Work required: Please take the lines from the one holding "Renault Captur Captur Techno Bi-Fuel 100" through the one holding "Mexican super light" in the data below and copy them exactly.

Records shown:

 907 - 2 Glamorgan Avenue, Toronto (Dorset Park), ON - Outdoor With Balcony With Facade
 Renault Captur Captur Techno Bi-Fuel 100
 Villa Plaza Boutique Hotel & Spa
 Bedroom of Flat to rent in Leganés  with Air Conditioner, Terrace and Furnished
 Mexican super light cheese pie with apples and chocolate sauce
* * *
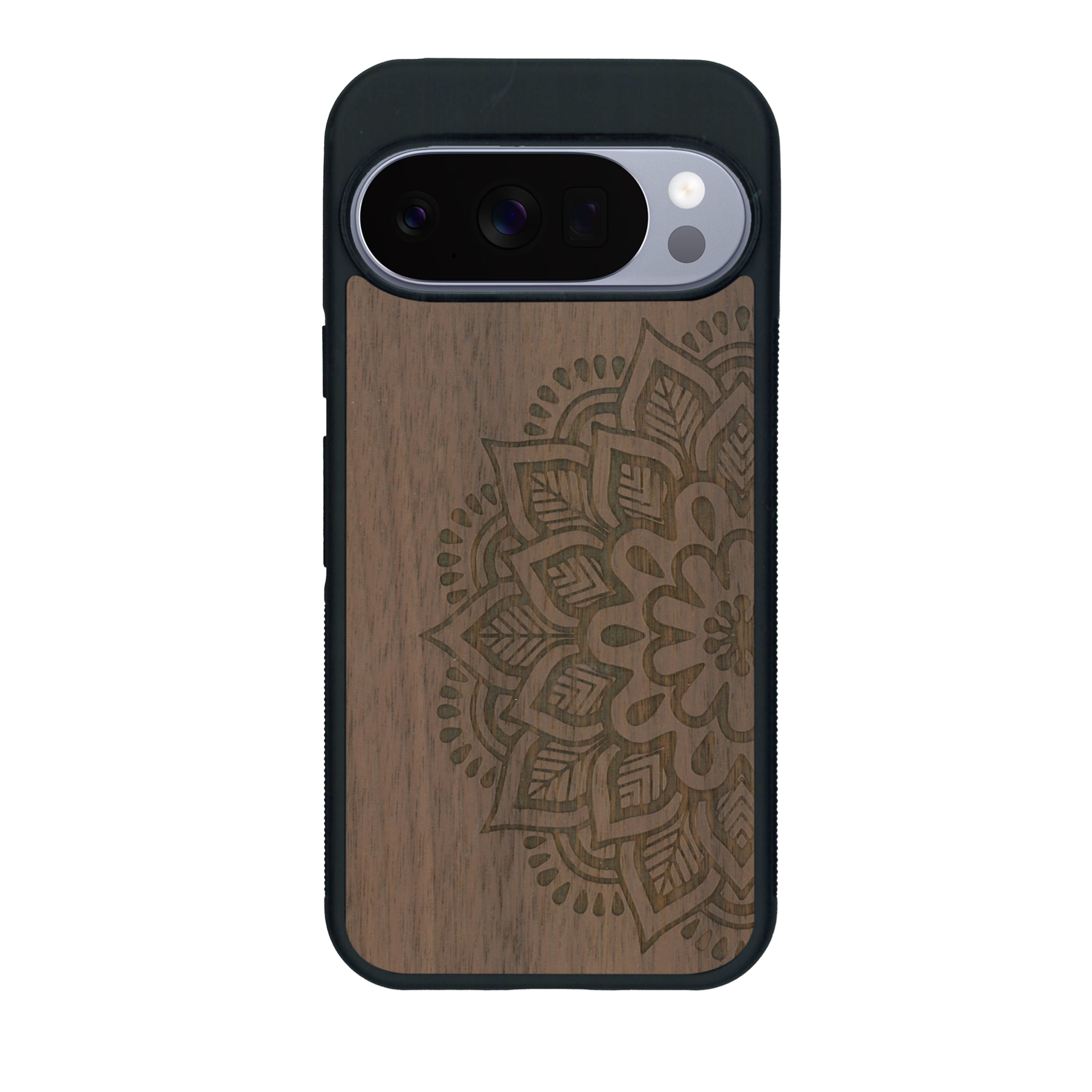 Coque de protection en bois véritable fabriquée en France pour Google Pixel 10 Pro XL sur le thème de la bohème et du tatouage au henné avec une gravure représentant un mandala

Response to the task:
 Renault Captur Captur Techno Bi-Fuel 100
 Villa Plaza Boutique Hotel & Spa
 Bedroom of Flat to rent in Leganés  with Air Conditioner, Terrace and Furnished
 Mexican super light cheese pie with apples and chocolate sauce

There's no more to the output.